Is it a complete metric space How to know if these two spaces are complete or not ?
$(\mathbb{R}, d)$ where $d(x,y)=|x^3-y^3|$ 
$(\mathbb{R}, d')$ where $d'(x,y)= \ln(1+|x-y|)$
thank you very much 
 A: Let $(x_n)$ be a $d$-Cauchy sequence. Then $(y_n) := (x_n^3)$ is a $|\cdot|$-Cauchy sequence, i.e. w.r.t the usual metric $d_u(x,y) := |x - y|$. But with this metric $\mathbb{R}$ is complete hence $y_n \overset{d_u}{\to} y$. Now the claim is that $x_n \overset{d}{\to} \sqrt[3]{y}$. But this is easy: Let $\varepsilon > 0$ be given.
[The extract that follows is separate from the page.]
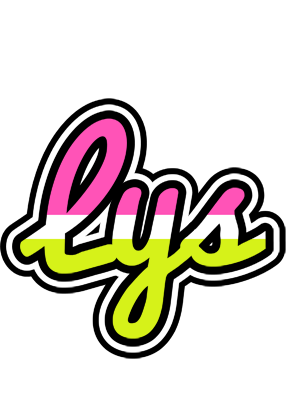 Lys candies logo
Then there exists some $N$ such that for all $n \geq N$ we have
$$
d(x_n, \sqrt[3]{y}) = |x_n^3 - (\sqrt[3]{y})^3| =|y_n - y| = d_u(y_n, y) < \varepsilon.
$$ 
The other one is very similar, i.e. you should try to play everything back to the metric space you know the most about: $\mathbb{R}$ with the euclidean metric.
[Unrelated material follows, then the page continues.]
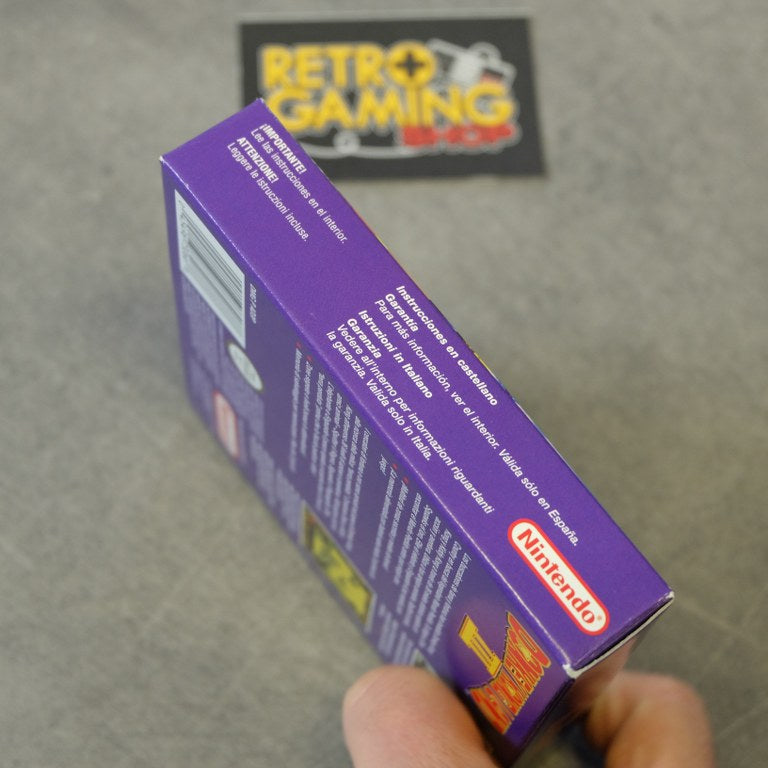 Donkey Kong Land 3 Nintendo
Let $(x_n)$ be a $d'$-Cauchy sequence. For each $\varepsilon > 0$ you will have some $N$ such that for all $n,m \geq N$ 
$$
\ln(1 + |x_n - x_m|) \leq \varepsilon
$$
By the monotonicity of the exponential function you can rewrite this inequality to
$$
|x_n - x_m| \leq e^\varepsilon - 1.
$$
But since $e^\varepsilon \to 1$ for $\varepsilon \to 0$, you see that $(x_n)$ is as well a $d_u$-Cauchy sequence. Since $(\mathbb R, d_u)$ is complete there exists some $x \in \mathbb{R}$ with $x_n \overset{d_u}{\to} x$. Let $\varepsilon > 0$ be given. Then by $d_u$-convergence of the sequence $x_n$ there exists $N \in \mathbb{N}$ such that for all $n \geq N$ we have
$$
|x - x_n| \leq e^\varepsilon - 1. \tag{$\ast$}
$$
Going backwards and using the monotonicity of the logarithm, this gives that 
$$
d'(x,x_n) = \ln(1 + |x - x_n|) \leq \varepsilon.